A step-wedge trial may follow in Sierra Leone. That trial design uses the fact that it is impossible to vaccinate everyone at once to create a control group; you compare the rate of new infections in areas that have already received the vaccine with those in places where rollout has not yet taken place. The benefit: everyone gets vaccine; the disadvantage: it may take longer to determine if a vaccine works.
Guinea, too, will see some type of trial although it is likely to be something less ambitious. The country’s infrastructure is in worse shape than those of its neighbors, making operating clinical trials an even more difficult task there. Marie-Paule Kieny, the WHO assistant director general for Health Systems and Innovation who is leading the drive to develop Ebola vaccines and drugs, says the Guinean trial may test whether using two different vaccines in a prime–boost strategy would work. Meanwhile the Gates Foundation may fund a trial to see whether ring vaccination—vaccinating around a known case to try to prevent onward transmission—would be effective.
There are a series of others vaccines at different stages of development; some are thought to be as promising as the GSK and NewLink products—or more so. And a few are close to being ready to start phase I trials. But those behind the GSK and NewLink vaccines face a tough reality: In this race fourth or fifth place is not likely to count. The future market for Ebola vaccines will be limited. WHO or GAVI or The Vaccine Alliance will likely stockpile product for use in future outbreaks. And some affluent countries will surely buy supplies as a shield against bioterrorism—that’s it. So unless one of the frontrunners fails, those at the back of the pack may fall away. "The ones that come after the two first, they have a place only if the first two fail," Kieny says.
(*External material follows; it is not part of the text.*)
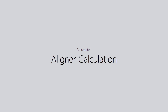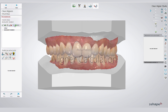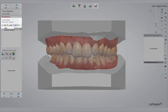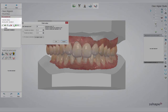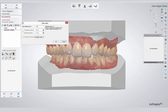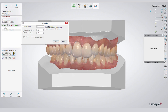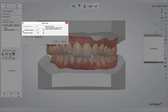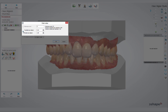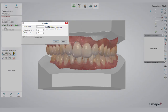My favorite feature is the automated aligner calculation. If you click on Subdivide Setups, you have three different options. You can manually determine the amount of sub-setups, or create your own values for translation and rotation per aligner. But certainly the best way is to refer to biological constraints and select the pre-aligner constraints.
Ballou insists it is always a good idea to have more than one supplier, in case a manufacturer runs into trouble with a production run. But he cannot envisage that the world could support multiple Ebola vaccines. Still, some of the vaccines may have properties that make them look better than the competition. The NewLink vaccine, for instance, may work as both a preexposure vaccine—given, like a childhood vaccine, to prevent infection—and as a postexposure treatment, in the way that rabies vaccine is generally used. If so, labs around the world would stock it for when scientists are accidentally exposed to the virus—Ebola’s equivalent of an EpiPen. A vaccine aimed at nonhuman primates might also find a place on the market. Great apes are susceptible to Ebola and infected primates can trigger human outbreaks. The butchering of infected bushmeat is thought to be how some Ebola outbreaks start, so reducing infections among the apes would protect them—and us.
Teams of experts have been on the ground in west Africa for weeks trying to work through the logistics of conducting these trials. As the decline in cases in Liberia shows, it won’t be easy. Both products require storage at –80 degrees Celsius (–112 degrees Fahrenheit), a temperature tricky to maintain in a world where constant access to electricity and refrigeration is not a given.
Despite the fact that the outbreak is not growing at projected rates, Kieny insists that good news cannot get in the way of testing the vaccines. "The vaccine development work must go ahead, because if we want to have a vaccine for the next outbreak, which will happen, there needs to be some testing…. With a start in January, there should still be a way to have some data on efficacy. What may not happen is a very large-scale deployment of vaccine. Population wide."